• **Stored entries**
-*-
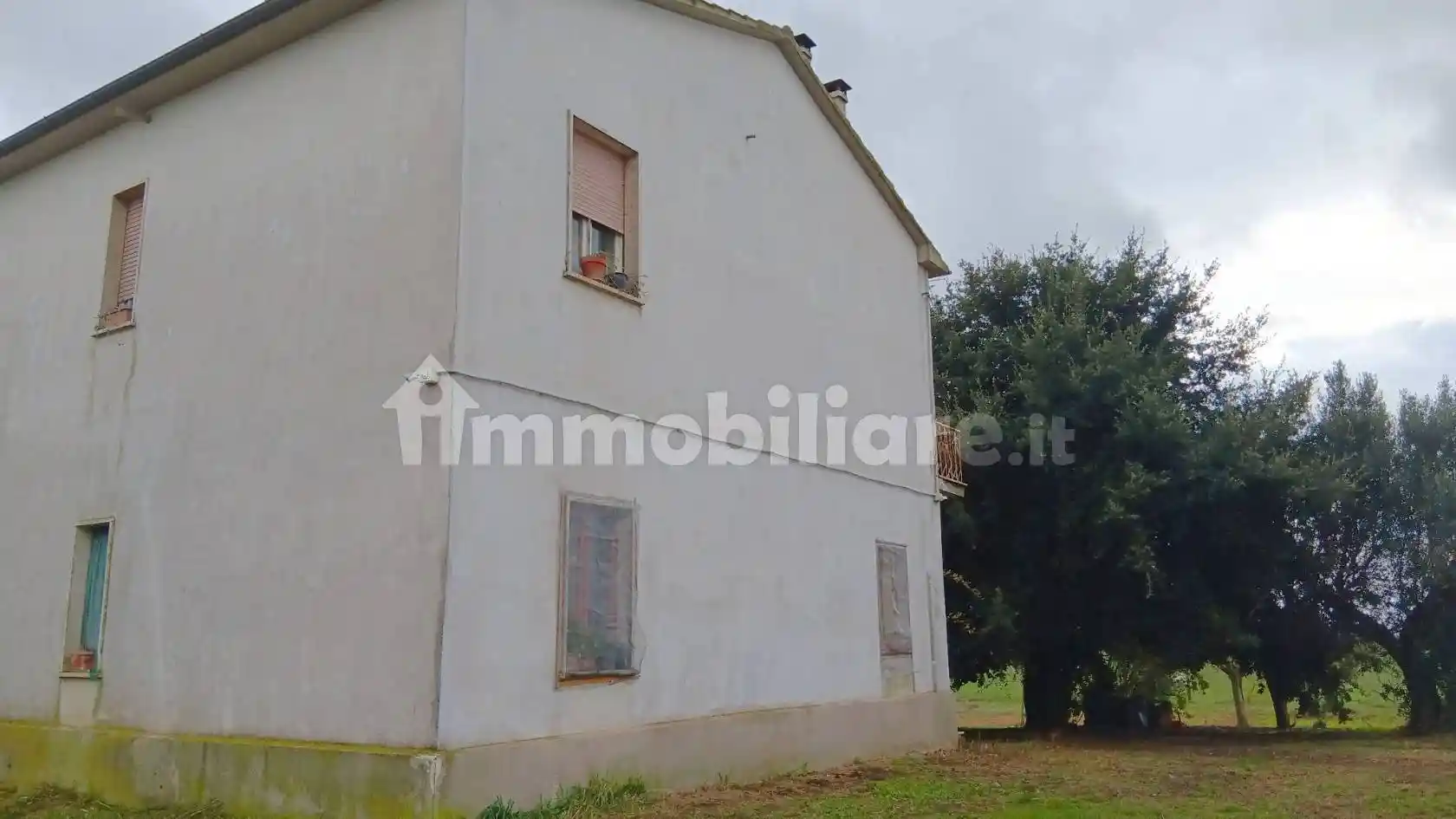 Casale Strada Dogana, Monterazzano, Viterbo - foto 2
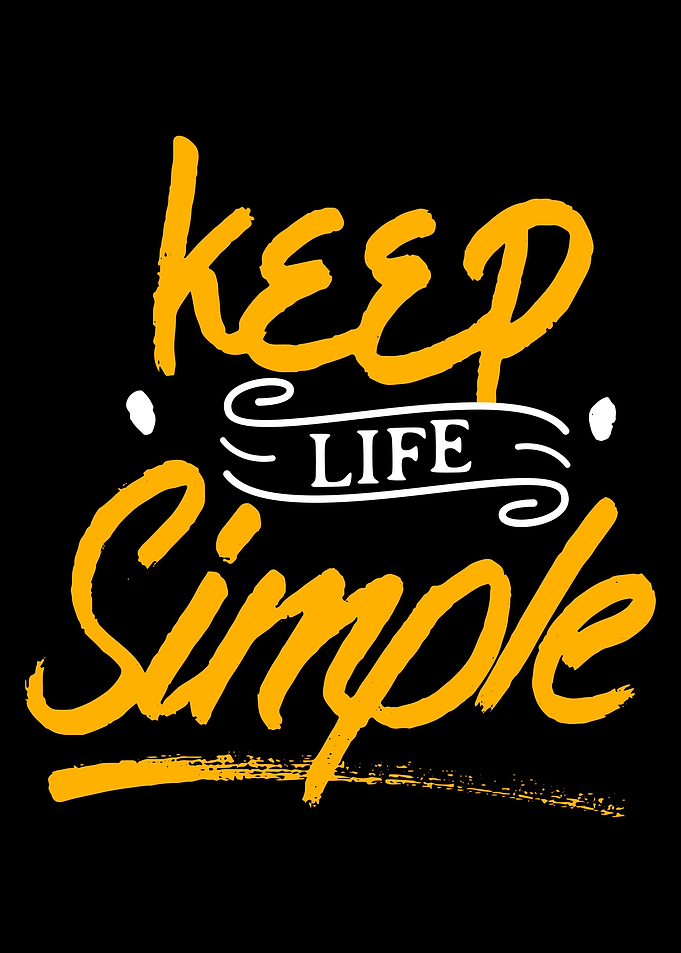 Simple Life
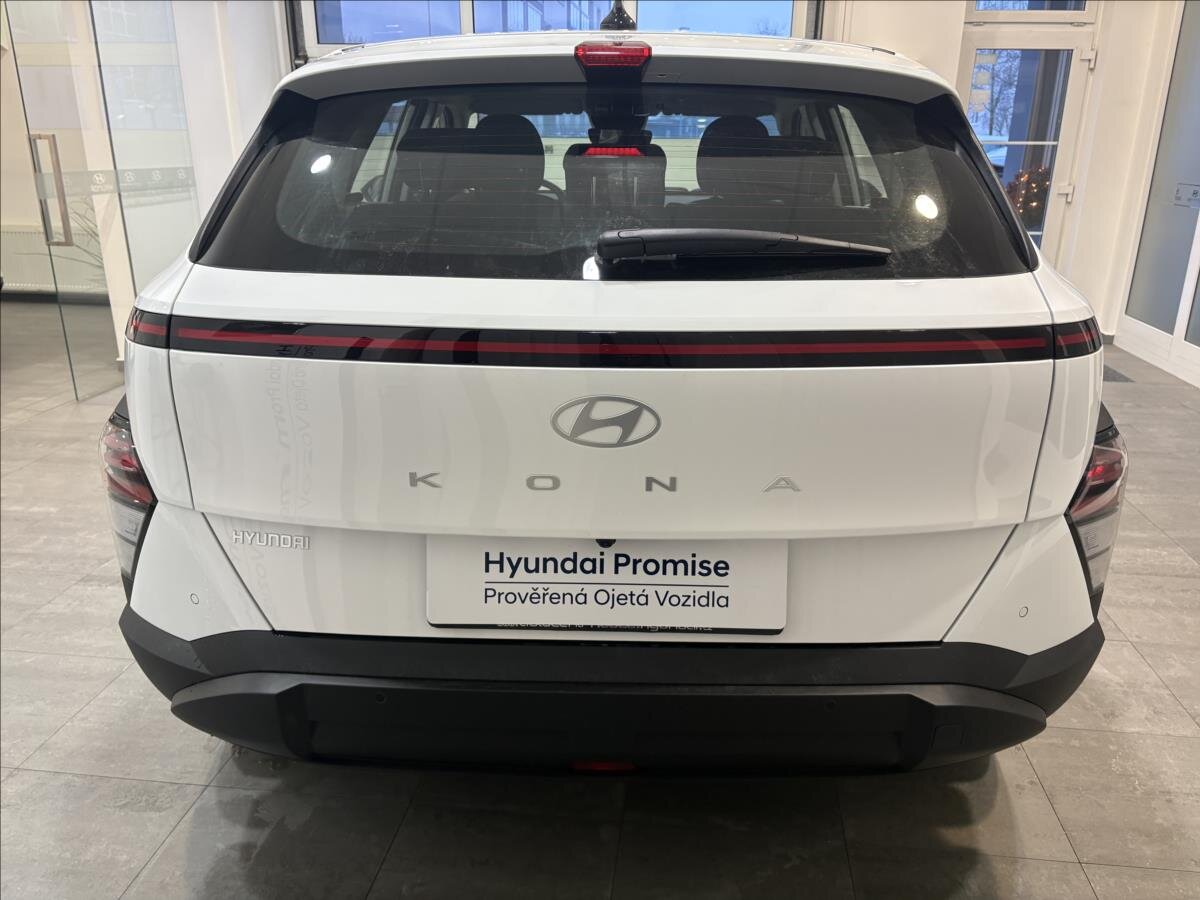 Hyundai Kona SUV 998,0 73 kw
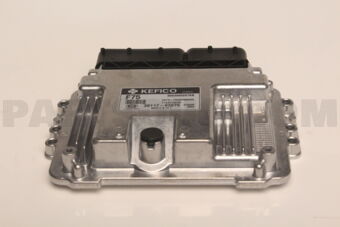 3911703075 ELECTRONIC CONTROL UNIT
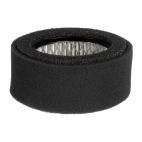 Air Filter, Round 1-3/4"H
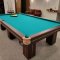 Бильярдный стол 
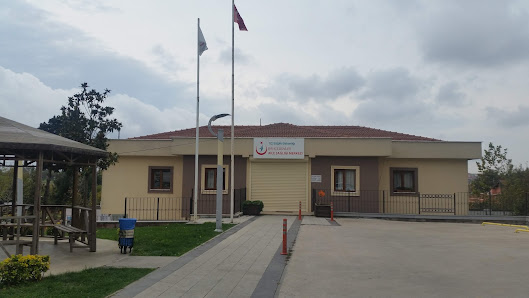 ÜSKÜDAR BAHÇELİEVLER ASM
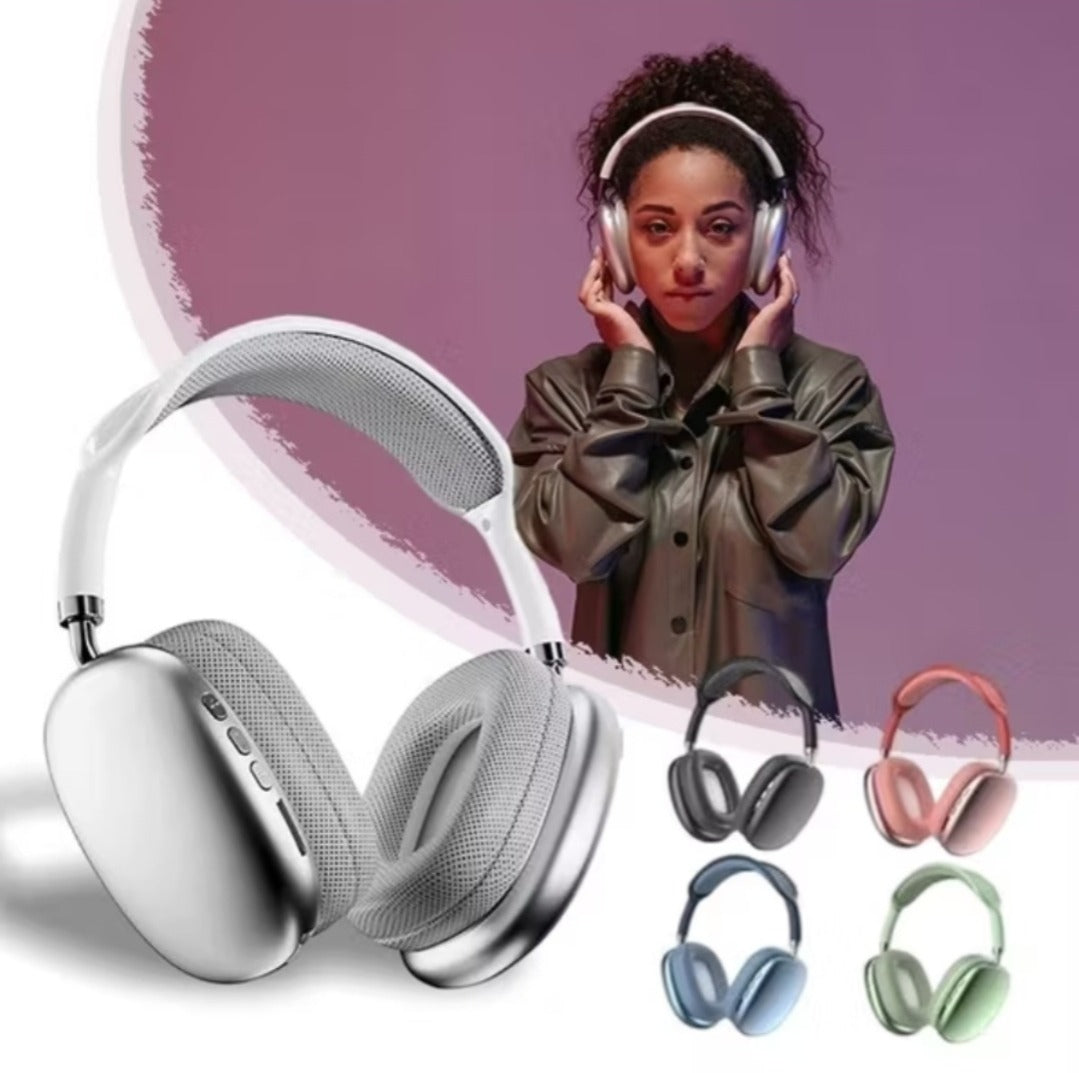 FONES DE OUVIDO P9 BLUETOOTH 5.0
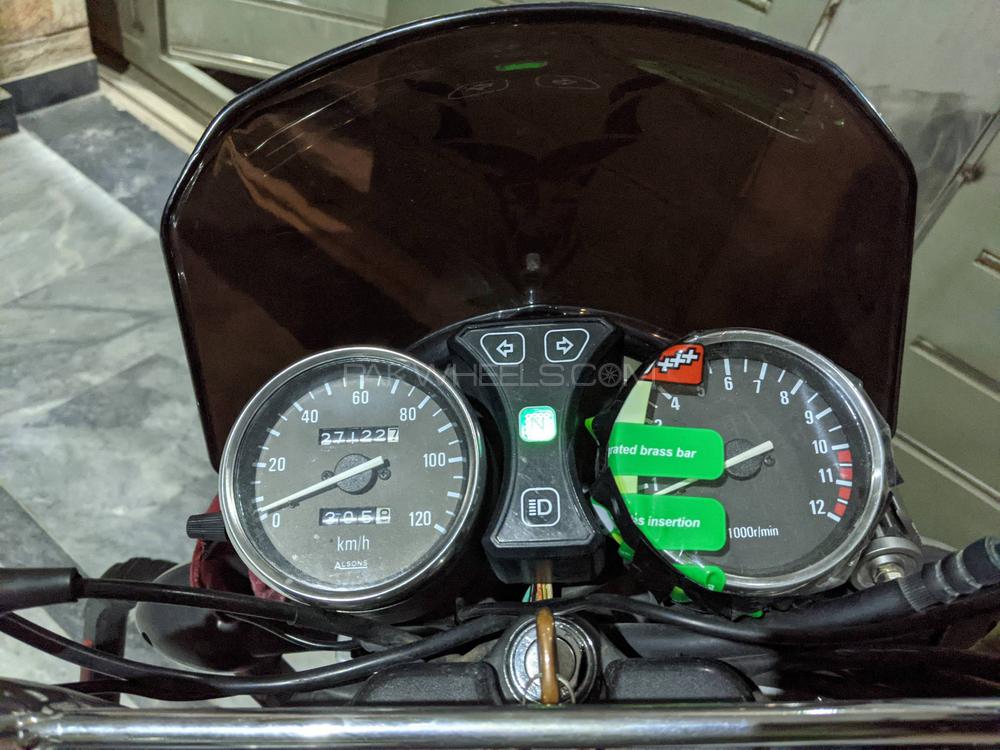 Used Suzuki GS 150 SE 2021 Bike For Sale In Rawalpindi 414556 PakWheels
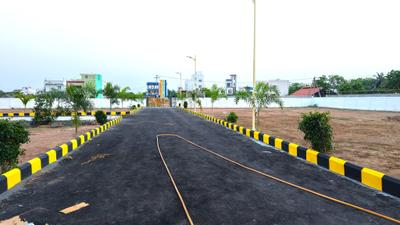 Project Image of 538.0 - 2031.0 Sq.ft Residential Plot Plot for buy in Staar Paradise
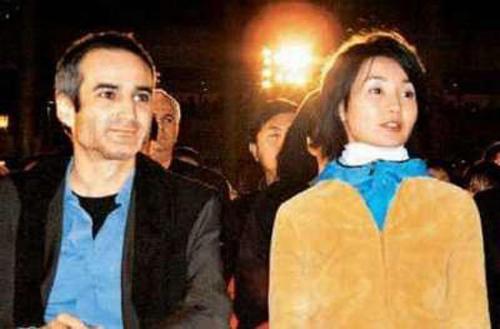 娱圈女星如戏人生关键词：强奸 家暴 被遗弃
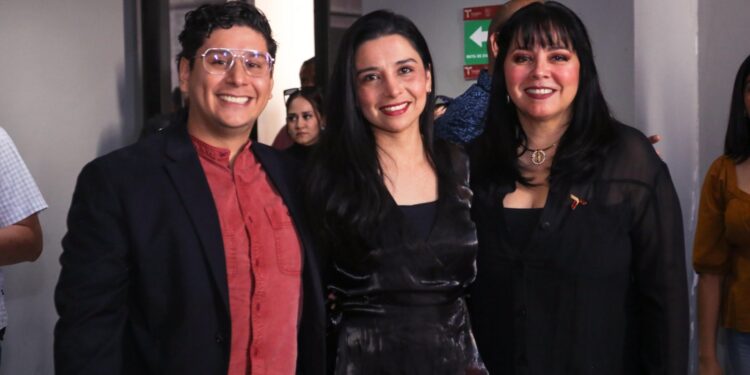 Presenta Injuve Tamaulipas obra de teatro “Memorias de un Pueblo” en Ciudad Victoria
-*-
Emit the lines of the data above from the one containing "FONES DE OUVIDO P9 BLUETOOTH 5.0" through its final line, both endpoints included. Pictures do not belong in the output.

• **Exercise answer**
 FONES DE OUVIDO P9 BLUETOOTH 5.0
 Used Suzuki GS 150 SE 2021 Bike For Sale In Rawalpindi 414556 PakWheels
 Project Image of 538.0 - 2031.0 Sq.ft Residential Plot Plot for buy in Staar Paradise
 娱圈女星如戏人生关键词：强奸 家暴 被遗弃
 Presenta Injuve Tamaulipas obra de teatro “Memorias de un Pueblo” en Ciudad Victoria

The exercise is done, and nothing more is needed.